The latrines being the big fascination of the trip, the first piece of advice is about their use.
Don't drop your Glow Stick in the latrine.
Not far off from the advice my father had given me about dropping my flashlight in the outhouse. Lovely. You know this is going to happen to me. Or to the person who uses the latrine just ahead of me.
The other advice she gave me came straight from the camp itself. We should store all food items in sealed plastic in the car. Because of bears.
What?
On my first and last trip to Camp Hari Kari, Mom sent me with a stash of goodies in my orange patent plastic smiley face suitcase. No bear came and ate it. Just a raccoon who clawed at it until the zipper ripped and he could siphon out every last Fun Size Snickers bar.
I'm hoping that is the worst of the rules.

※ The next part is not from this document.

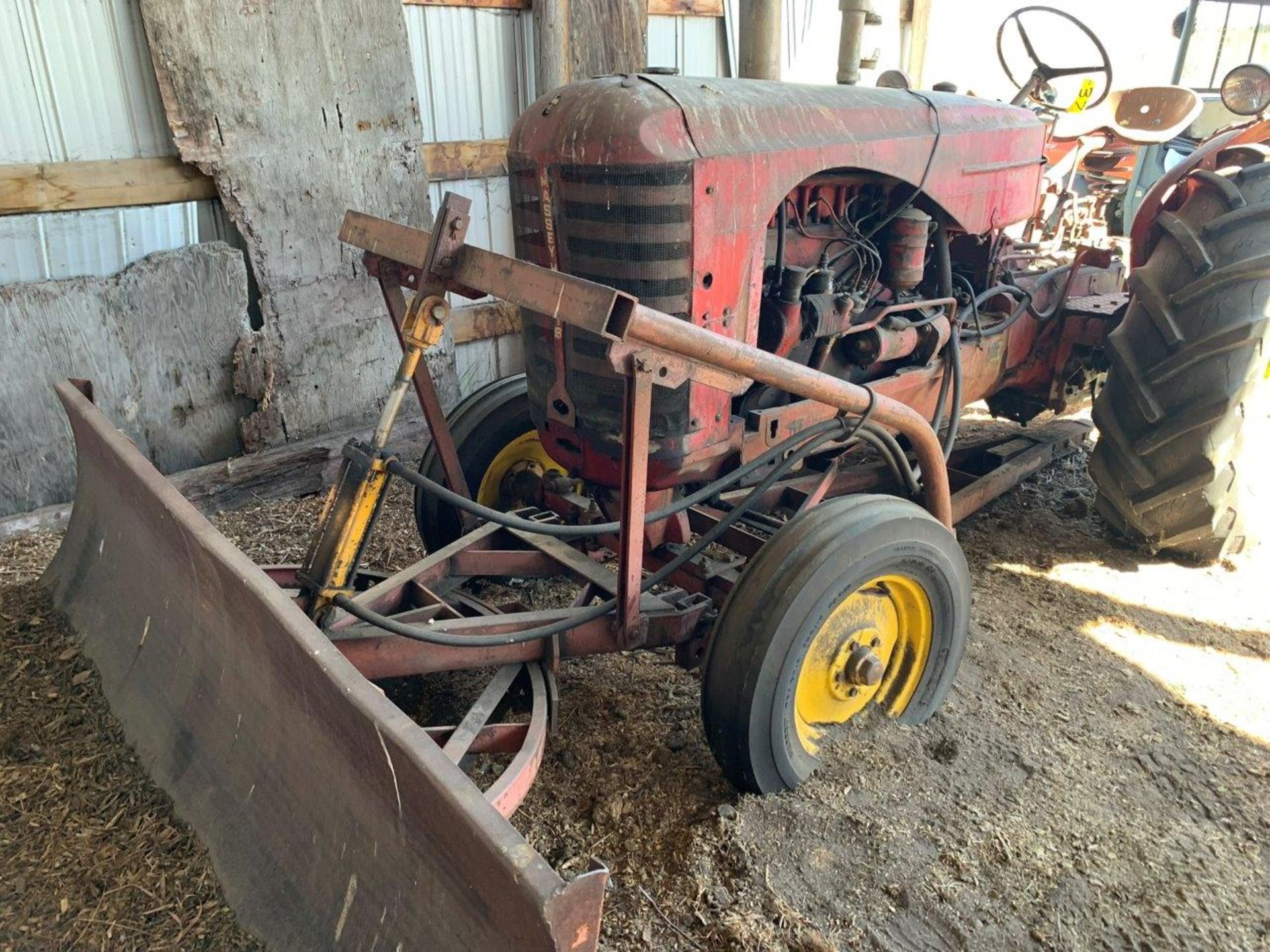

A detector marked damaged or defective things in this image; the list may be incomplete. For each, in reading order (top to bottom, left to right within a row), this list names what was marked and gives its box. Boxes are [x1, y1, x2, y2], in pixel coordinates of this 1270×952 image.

When I was there as an eight-year-old, we walked through the woods in single file on the path. No running. Walked. Single file.
This is camp???
I ran.
I ate the blackberries from the bushes.
I waded into the water we weren't supposed to go in. In my shoes.
I climbed a tree.
I got into a lot of trouble.
Trouble in Girl Scouts is more shame than punishment. At least it was in the 70s. I was told to leave the gathering (of evidently more compliant girls) and go sit in a tent alone (The Time Out Tent? Solitary confinement? ) until I could compose a Haiku or a poem or write a story or illustrate some adventure we'd had at camp (I can draw a procession of girls in pig tails being led slowly down a path in single file to the Mess Hall...woo hoo!) or some other meaningful task with pencil and paper.
What I didn't know while I was racking up hours in the Bad Girl Tent was that all of what was written or drawn by me or the handful of other bad girls, was being reproduced on a local mimeograph machine and bound into a booklet to be presented to the parents on Pick Up Day!
I am sure this little gesture was intended to make us little Brownie Bandits squirm. Surely it would prompt questions and compel little prisoners to explain why some people wrote poems and so many others did not and then under the pressure of guilt and shame cough up a full confession.
But I knew better. My mother took the book and began to page through it clucking and marveling about all the works of literary genius I 'd produced. "Liza, you practically wrote the whole thing! I am so proud!"
And with my wet shoes and uncombed hair I turned toward the car with my parents and sibs and ran like a rebel to hop in the car and head for home.